Years ago, I had to expatriate myself in China (Dalian) for my job and I could see that Chinese may develop good technique.
Nevertheless, Chinese vintage camera are often shunned by collectors.
Not me.
This TLR camera Is named Mudan MD 1 (Mudan means peony in Chinese) . It has been assembled in the Dandong Camera Factory .






This Factory produced camera from the seventies and was located in the Liaoning district, close to the North Korean border.





The Mudan has been released circa 1984 and seems to be the last model produced.
Probably as an inheritance from the soviet friends, most of the Chinese camera have serial numbers indicating the year of manufacture by the first two digits of the number.
The manufacturing quality is rather good and the camera is fully functional.
The logo of this model, a peony flower, can be seen  on the viewer hood and on the leather carrying case (probably some rhinoceros leather if we consider its thickness)
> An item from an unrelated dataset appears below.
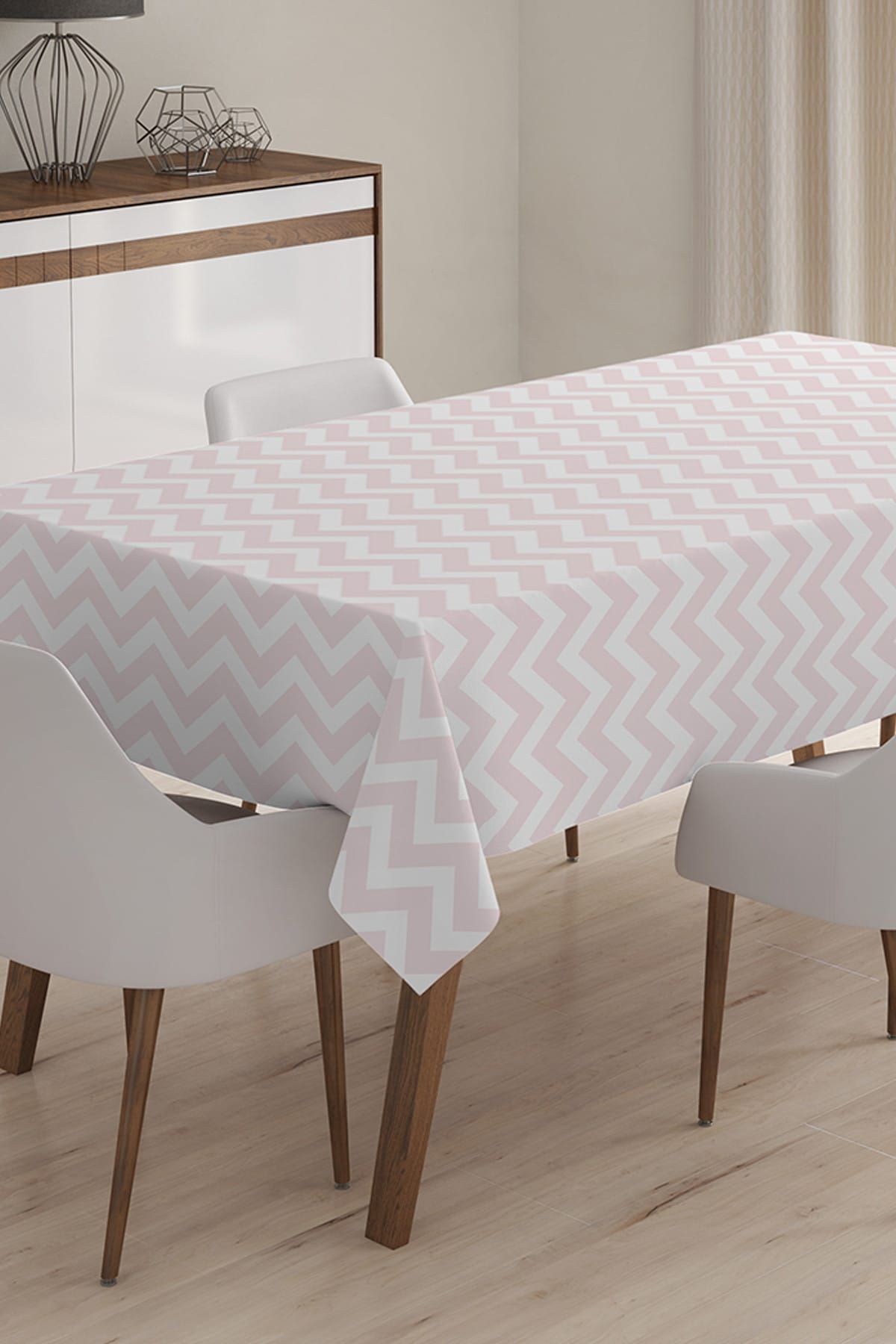 Realhomes-Custom Design 3D Digital Printed Tablecloth - 140 x 220 cm 1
If you are interested, I may show you two other models of Chinese TLR from my collection


----------



## Mitica100 (Jan 8, 2018)

Very nice, always interested. You wouldn't happen to have a Red Flag camera, would you?


----------



## Dany (Jan 9, 2018)

The Red Flag is of course a gem of the chinese photographic industry.
Unfortunatly I did not see one during my stay in the country.


----------



## Dany (Jan 9, 2018)

As a result of a general request,    here are two other chinese TLR from my shelves.
The first one is called "Pearl River", made in 1972 by The Guangdong Camera Factory





The second is the Seagull 4A manufactured by the Shanghaï Camera Factory in 1971















Small exotic design details


----------



## cgw (Jan 9, 2018)

There were small piles of these looking for a good home in every downtown Toronto used/repair shop 10-15 years ago. Some were OK shooters but many were semi-busted with sluggish shutters and/or fungusy/cloudy taking lenses. Cheap--almost disposable--120 cameras simply because no one wanted 'em. Never owned one but several friends did who cranked out some nice b&w work on Pearl Rivers and Seagulls.


----------



## The Barbarian (Jan 20, 2018)

Had a Seagull.   Terrible lens.   Better than a Diana - barely.


----------



## espresso2x (Feb 12, 2018)

Dany said:


> Probably as an inheritance from the soviet friends, most of the Chinese camera have serial numbers indicating the year of manufacture by the first two digits of the number.
> 
> If you are interested, I may show you two other models of Chinese TLR from my collection



These are very good to see Dany. 
I've seen FSU lenses and cameras both with the two-digit prefix denoting year, (a lens made during the year _before_ the body seems to be a not uncommon match as well). 
Do you see a serial on the Peony? This five digit serial on the lens in this case is too short for the year****** system.


----------



## Dany (Feb 13, 2018)

On the Mudan (Peony) the serial number is MI 8414170


----------